Vietnam or Thailand ? Vote for the TOP Country of the Week !
Bijgewerkt: 26 juli 2025
Rembrandt geeft ze voorshands nog een plaatsje in de schaduw, terwijl hij de aanstaande volgelingen van den Nazarener in het volle licht zet; maar ze zijn er toch, en ze brengen ons te binnen, hoeveel leed ze later zullen uitstorten over het hoofd van het Kindeke, dat nu nog zoo onnoozel in Simeons armen ligt.

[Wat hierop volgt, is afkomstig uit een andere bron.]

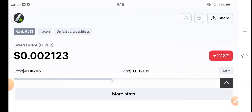Make sure to hit the subscribe button right now before starting this video. Also press the bell icon because if you press the bell icon, you will never miss any price signal or any update about LeverFi.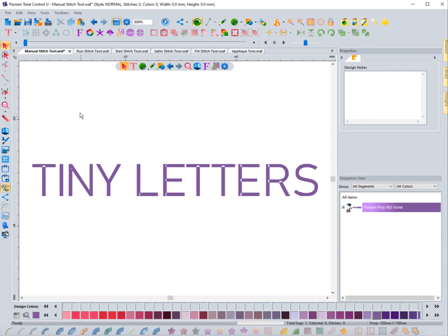In this video we're going to focus on the manual stitch tool, which is very different than the other digitizing tools. The reason is that everywhere you click, the needle is going to go down on the machine. You don't just create a line and have the software fill it in with stitches based on a specific stitch length — instead, it only drops a stitch wherever you click on the screen.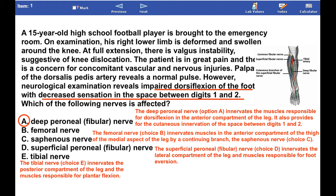The femoral nerve innervates muscles in the anterior compartment of the thigh and the skin of the medial aspect of the leg by a continuing branch, the saphenous nerve. The superficial peroneal nerve innervates the lateral compartment of the leg and muscles responsible for foot eversion. The tibial nerve innervates the posterior compartment of the leg and the muscles responsible for plantarflexion.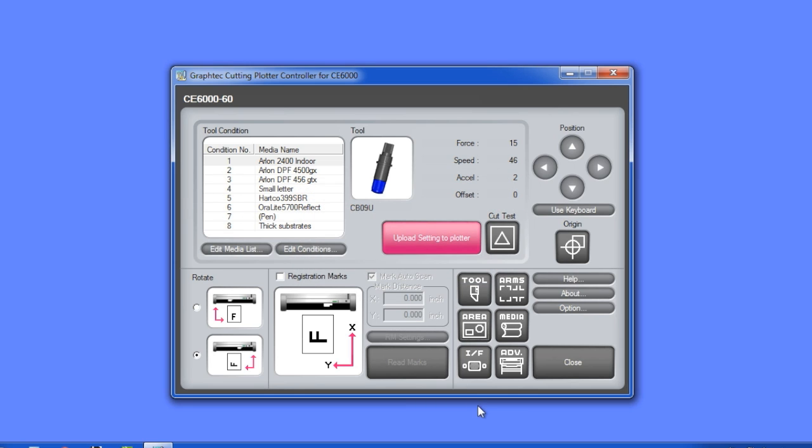As you can see, the controller is as if you have a virtual version of the control panel on your computer.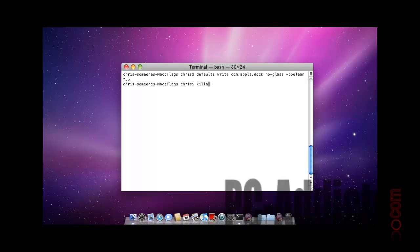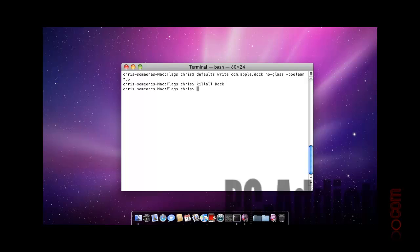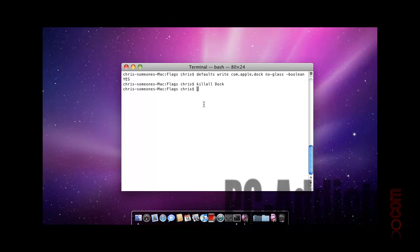Do a killall dock, and there it is. There's your 2D and it still works as normal. It looks pretty clean, just something different. If you want to switch it back, run the same command...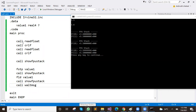We have read float, call read float. 5.5 — we have input from the user, line break, then we have another read float, 3.6. Then we have said call show FPU stack.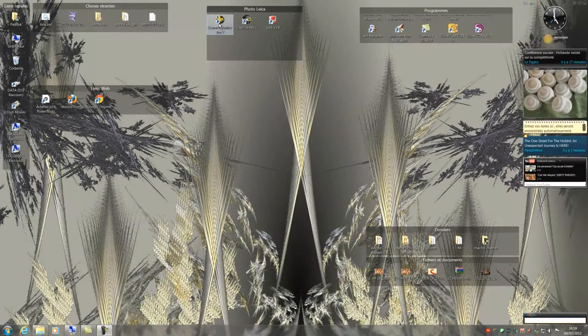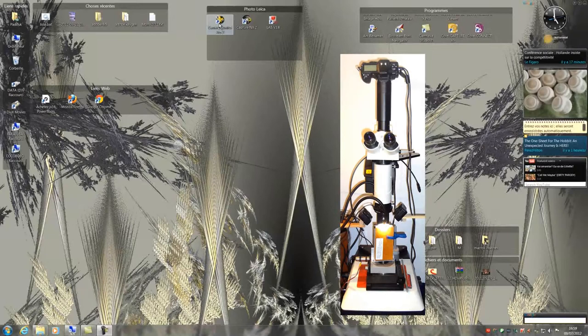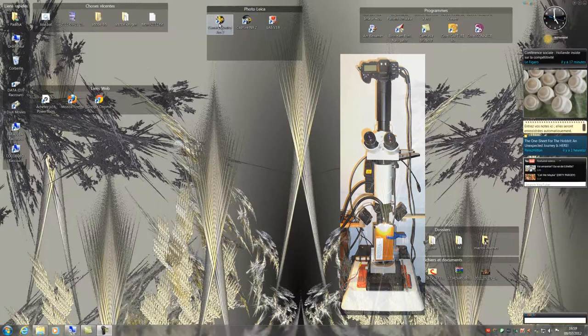We will now make our first picture of a sample. I put a sample under the macro zoom. I turn on the lights and the flashes.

Van den voorbarigen discipel keerde de Nazarener zich tot zijne vijanden: Zijt gij gekomen als tot een dief, met zwaarden en stokken om mij gevangen te nemen? Dagelijks was ik bij u in den Tempel en gij hebt mij niet gegrepen, maar dit is uwe ure en de macht der duisternis. De bende vatte moed en omringde hem. Toen Ben-Hur rondzag naar de discipelen waren zij weg, niet één was gebleven.
Zich tot Ben-Hur keerende, zeide hij met toenemende ontroering: Als onze God zijne hand niet spoedig uitstrekt is Israël verloren, en zijn wij allen verloren. Ben-Hur antwoordde kalm: Mijn geest is opgetrokken geweest, en heeft vernomen waarom dit geschieden moet. De Nazarener wil het, God wil het. Laat ons stil zijn en bidden.

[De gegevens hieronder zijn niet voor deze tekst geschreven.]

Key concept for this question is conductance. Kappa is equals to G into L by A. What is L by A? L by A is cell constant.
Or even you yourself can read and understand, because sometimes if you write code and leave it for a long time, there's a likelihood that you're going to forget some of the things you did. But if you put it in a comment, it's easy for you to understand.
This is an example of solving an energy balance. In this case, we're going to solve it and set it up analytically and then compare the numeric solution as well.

Toch niet den Nazarener? Gij hebt het gezegd. Ben-Hur zag nu den een, dan den ander aan. In den geest hoorde hij weder de woorden van den vorige avond: den drinkbeker, dien mij de Vader gegeven heeft, zal ik dien niet drinken? Hij hoorde weer zijn eigen vraag: wilt gij dat ik u te hulp kom? Neen, zeide hij tot zichzelf: Zijn dood kan niet afgewend worden.
Dan aan mijne voeten, want ik heb mijne vrienden veel te vertellen van den Nazarener. Ik zal beginnen met u te verhalen wat ik hem heb zien doen. Morgen komt hij in de stad om op te gaan naar den Tempel, dien hij zijn vaders huis noemt en waar hij, zooals algemeen verwacht wordt, den beslissenden stap zal doen. Morgen zullen wij dus zien wie gelijk heeft, gij, Balthasar, of Simonides.

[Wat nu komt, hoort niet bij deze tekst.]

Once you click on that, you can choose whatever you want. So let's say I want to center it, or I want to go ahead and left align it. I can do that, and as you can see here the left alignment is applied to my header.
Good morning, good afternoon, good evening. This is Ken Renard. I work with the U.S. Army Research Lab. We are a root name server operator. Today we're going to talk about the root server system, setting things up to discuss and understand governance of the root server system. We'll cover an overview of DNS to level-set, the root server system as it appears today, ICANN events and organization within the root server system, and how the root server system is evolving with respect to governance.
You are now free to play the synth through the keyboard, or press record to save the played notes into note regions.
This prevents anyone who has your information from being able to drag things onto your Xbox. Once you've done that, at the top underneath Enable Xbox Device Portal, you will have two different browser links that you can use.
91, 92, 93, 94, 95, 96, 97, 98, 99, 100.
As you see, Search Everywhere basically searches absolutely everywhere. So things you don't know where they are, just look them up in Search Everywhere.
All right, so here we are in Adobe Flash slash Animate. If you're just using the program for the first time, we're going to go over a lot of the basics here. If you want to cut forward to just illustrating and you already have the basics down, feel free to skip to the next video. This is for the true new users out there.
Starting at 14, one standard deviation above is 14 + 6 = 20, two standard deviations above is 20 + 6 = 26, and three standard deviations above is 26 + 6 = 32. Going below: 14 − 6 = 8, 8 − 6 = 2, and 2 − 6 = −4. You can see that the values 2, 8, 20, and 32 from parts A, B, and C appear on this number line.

Weldra bevond hij zich voor een poortje zonder deur, dat toegang verleende tot den hof. Hij bleef staan om het tooneel te overzien. In de poort stond een man met witte kleederen bekleed, blootshoofds, de handen op de borst gevouwen, een gedaante hem maar al te goed bekend ... de Nazarener!
Ik wil u geen zilver geven, tenzij ik het u gesmolten in de gierige keel kan gieten, geen penning wil ik u geven, Nazarener, al kon die u van de zware verdoemenis redden, welke uw geheel leven verdiend heeft! Neem mijn leven, zoo gij wilt, en zeg, dat de Jood, te midden zijner martelingen, den Christen wist te leur te stellen."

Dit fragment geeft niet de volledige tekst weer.